The group of girls chosen to perform began rehearsing in late November, marking the beginning of the show’s steady progression toward its end goal. “It’s been a challenge, definitely,” says Morgan Rose, one of the show’s directors and a junior at Berkeley High School. “[But] I’ve really enjoyed watching the process, starting from something that wasn’t anything and ending up with this really cool, finished product.”
Vagina Monologues originated in 1996, written by the now famous Eve Ensler as a series of stories taken from over two hundred interviews with various women. In 1998, Ensler initiated the V–Day movement, a worldwide effort to generate “broader attention for the fight to stop violence against women and girls.”
This year, BHS’s Vagina Monologues will be donating proceeds to both V–Day and Bay Area Women Against Rape, a local organization working towards stopping violence against women.
Without question, the show was fantastic. One of its most intriguing aspects was the sheer variety of monologues. Varying from a breakdown of what it means to be a girl in 2010 to tragic stories of women scarred by rape, to rants about the discomfort of tampons, the audience was constantly kept on their toes. An emotional roller coaster, the course of the show struck levels of sadness and anger, but could flip to comedy and humorous criticism in an instant.
In between each monologue was a group act, where a few members of the cast would collaborate on a short skit. While each actress might have an individual role, they often all represented the same person or story. One of the stronger, more somber group acts was “They Beat the Girl out of My Boy (Or So They Tried…),” where four cast members alternated in and out of the spotlight, each telling part of the story of a male transexual who becomes a woman, but is harassed and faced with violence from members of the community because of his sexual preferences and identity. The piece was eye–opening and used the metaphor of a car alarm that has finally been shut off to represent the feeling that she had felt before finally accepting herself and becoming the woman she was meant to be.
The cast also did a phenomenal job of engaging the audience. While the female viewers could certainly relate to, or at the very least deeply empathize with many topics brought up during the monologues and group acts, the detail and imagery shown in the language made even myself, a male, feel as though I shared these experiences with the characters on stage.
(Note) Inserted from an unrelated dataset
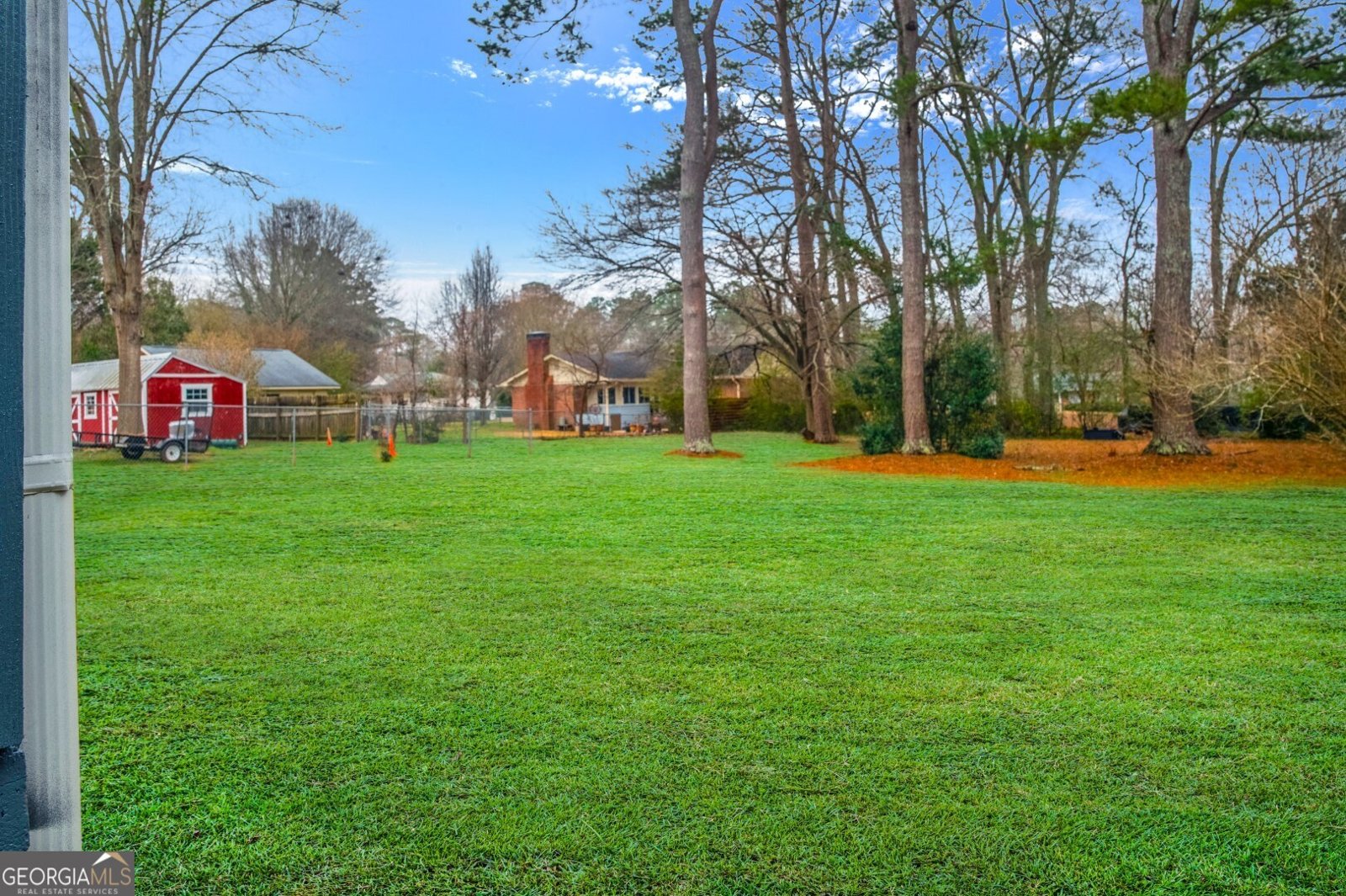 622 Grandview Drive Griffin - Photo 14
“My Angry Vagina,” performed by Nikko Butler, criticized the way vaginas are regarded by society. The monologue comically addressed the uncomfortable tests that women are submitted to by doctors and by the end left the audience in stitches as she pleaded doctors to please “warm up the duck lips!”
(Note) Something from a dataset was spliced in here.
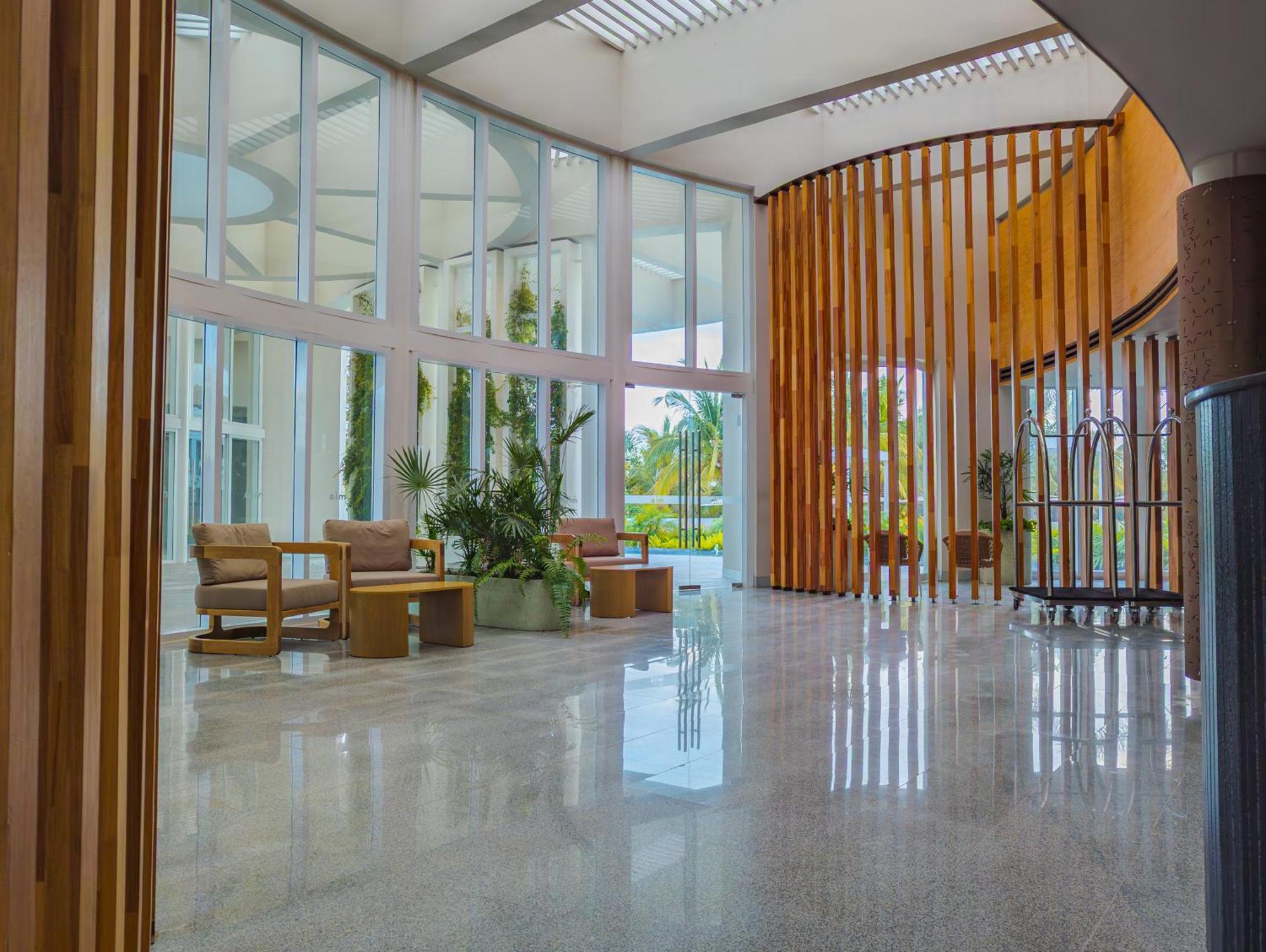 Hotel Mio Riviera Nayarit Unique & Different Adults Only Nuevo Vallarta Exterior foto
This monologue was only one of many that contributed to the show’s reputation for revealing aspects of womanhood normally buried in society and not usually discussed in public, in this case, displeasures that are often swept under the rug and considered normal.
Certainly the most animated monologue of the night was “The Woman Who Liked to Make Vaginas Happy,” performed by Sophie Becker as a lawyer–turned–dominatrix. Her portrayal of all types of moans from different women, even one specific to BHS, was unbelievably hysterical, and quite possibly left every audience member aching from laughter.
Despite its purpose of entertainment, Vagina Monologues was more than just a show to the performers. According to Sarah Priano, a Berkeley International High School (BIHS) junior, inspiration and unity among the cast members were huge factors in the success of the show. “I think just being a part of Vagina Monologues has really made me love being an independent girl.”